WORK REQUEST
Starting with the line that includes "LUXE Bidet NEO", write out every remaining line of the records below exactly as it appears, leaving out any images.

--------------------------------------------------

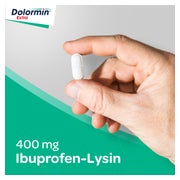 Dolormin Extra 400 mg Ibuprofen 50 St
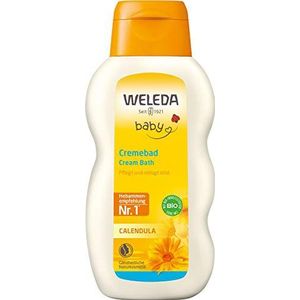 WELEDA - Crèmebad - Baby & Kind - 200ml - Calendula - 100% natuurlijk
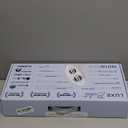 LUXE Bidet NEO 120 - Single Nozzle, Self-Cleaning, Non-Electric Bidet Attachment for Toilet Seat, Adjustable Water Pressure, Rear Wash (White)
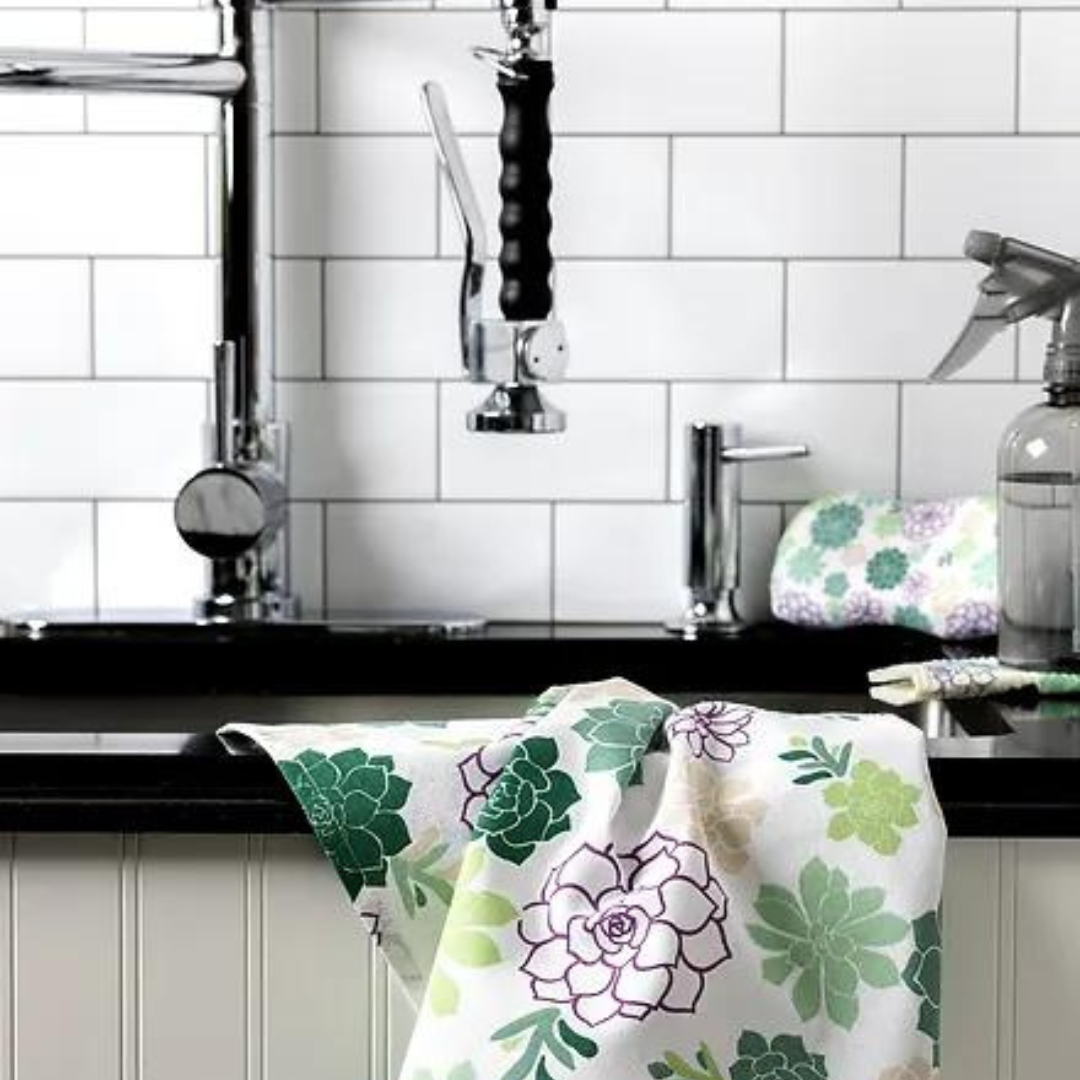 Meet the 2-in-1 Sponge - Succulent, your new go-to for fresh, clean results! This charming sponge features a durable, non-abrasive scrubber backing that tackles tough messes without scratching.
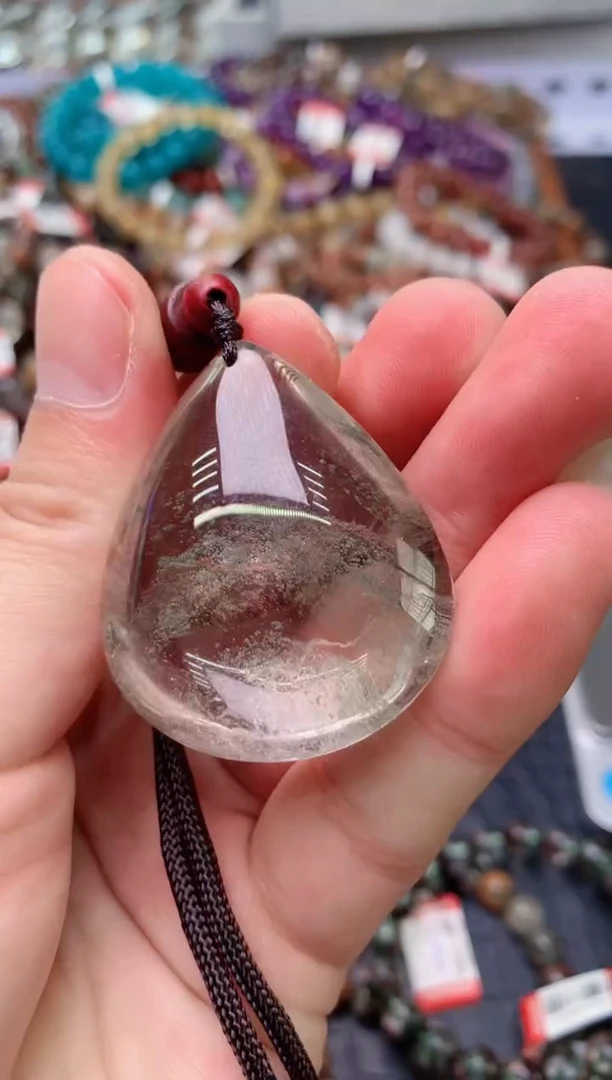 未镶嵌吊坠(赠链)水晶47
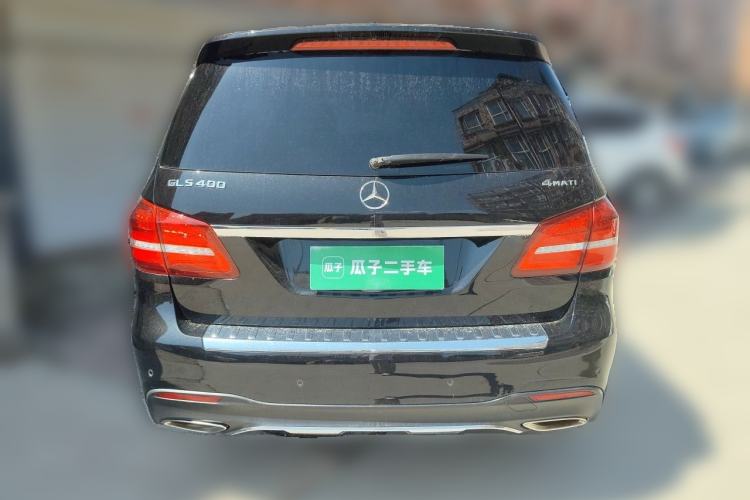 Used Mercedes-Benz GLS 2017 GLS 400 4MATIC Luxury Model Rear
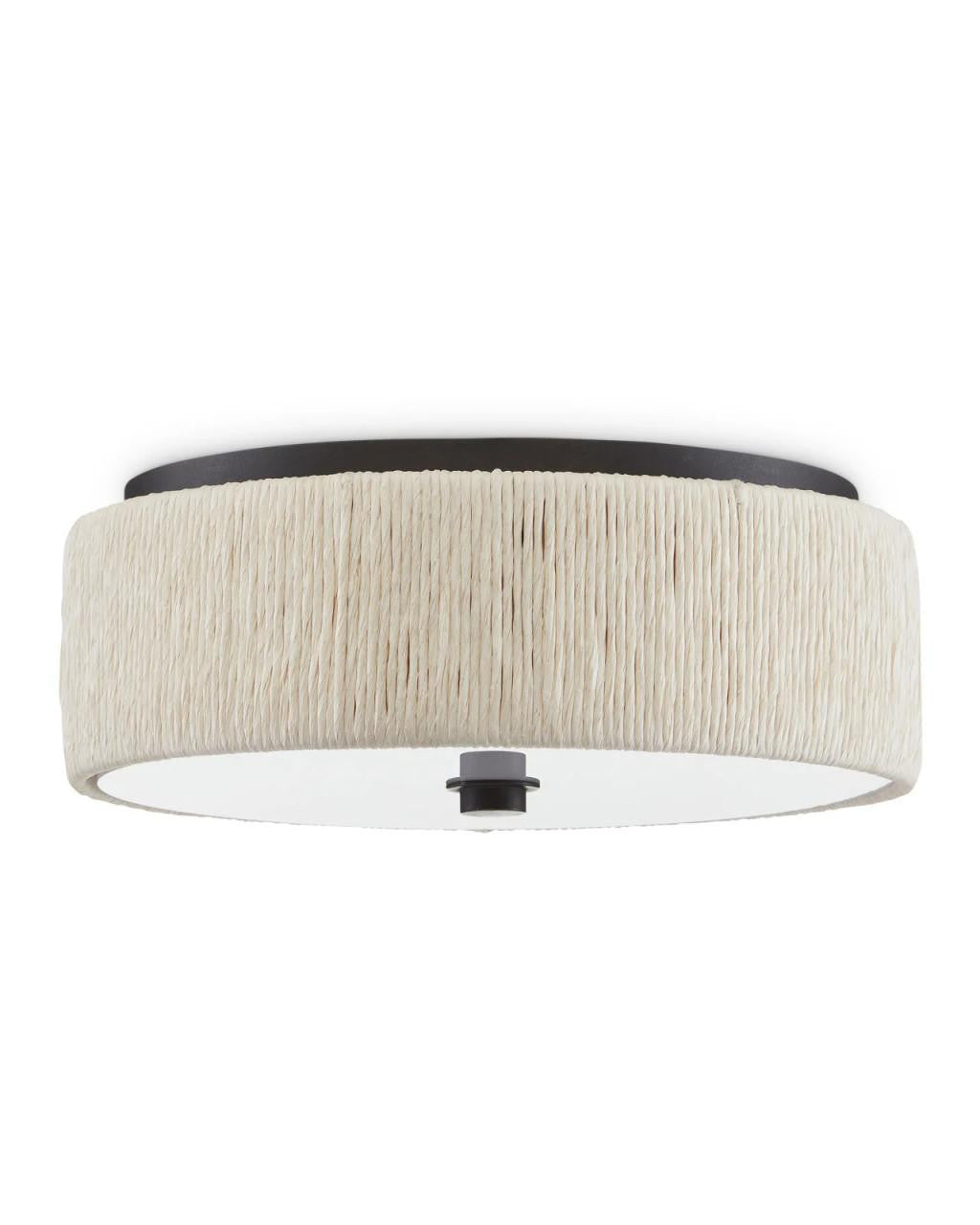 Currey and Company Tyrone Flush Mount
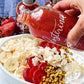 Vinagre de fresa triturado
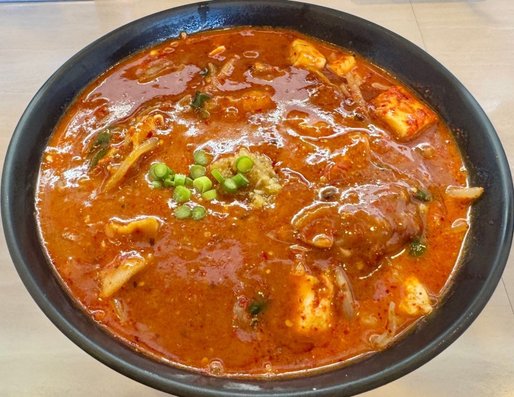 どて辛麺 辛増し３(旧大辛)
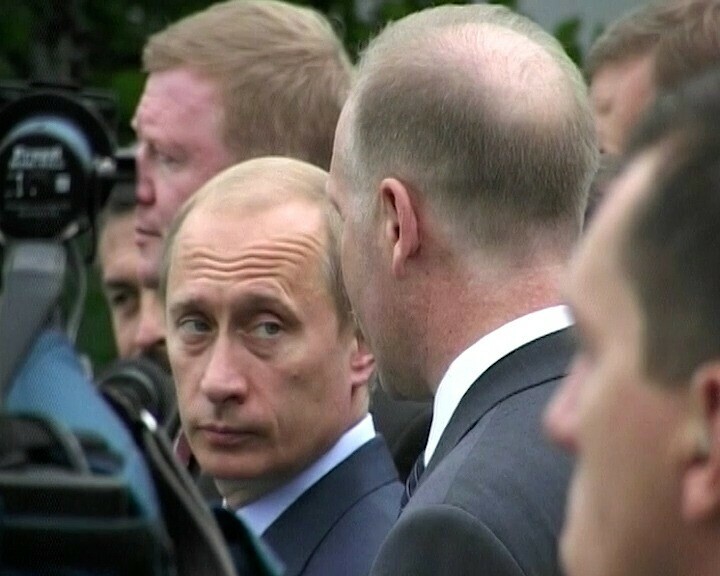 За эту стройку заплатила вся страна Владимир Путин на Бурейской ГЭС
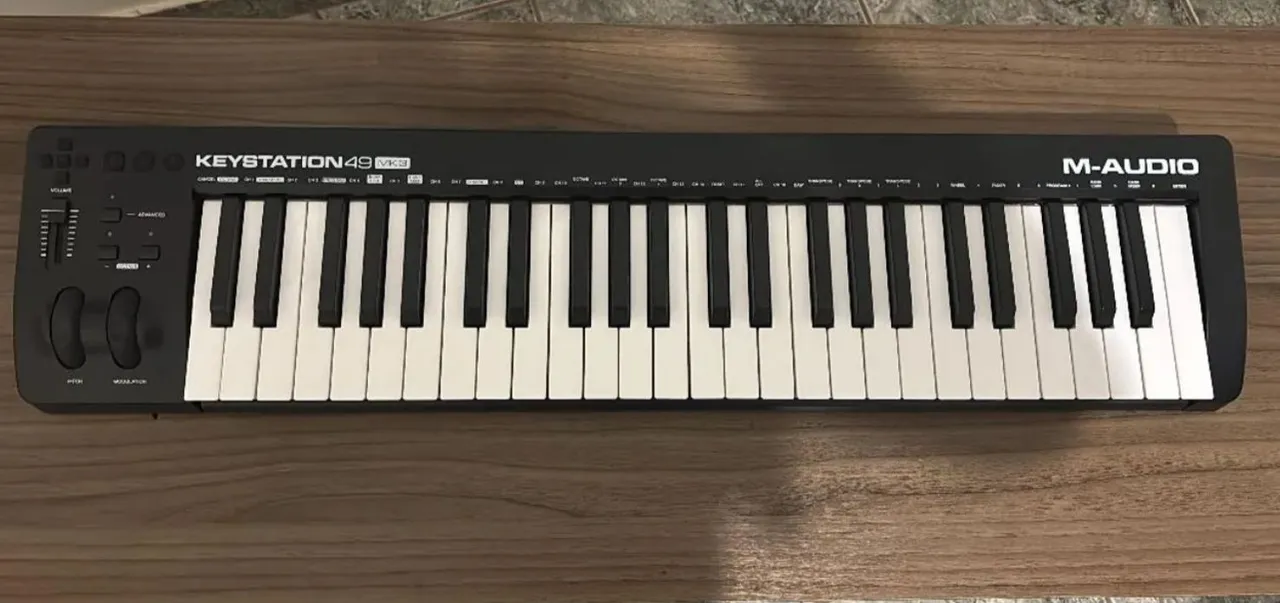 Teclado M-Audio Keystation 49 MK3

--------------------------------------------------

ANSWER BOX
 LUXE Bidet NEO 120 - Single Nozzle, Self-Cleaning, Non-Electric Bidet Attachment for Toilet Seat, Adjustable Water Pressure, Rear Wash (White)
 Meet the 2-in-1 Sponge - Succulent, your new go-to for fresh, clean results! This charming sponge features a durable, non-abrasive scrubber backing that tackles tough messes without scratching.
 未镶嵌吊坠(赠链)水晶47
 Used Mercedes-Benz GLS 2017 GLS 400 4MATIC Luxury Model Rear
 Currey and Company Tyrone Flush Mount
 Vinagre de fresa triturado
 どて辛麺 辛増し３(旧大辛)
 За эту стройку заплатила вся страна Владимир Путин на Бурейской ГЭС
 Teclado M-Audio Keystation 49 MK3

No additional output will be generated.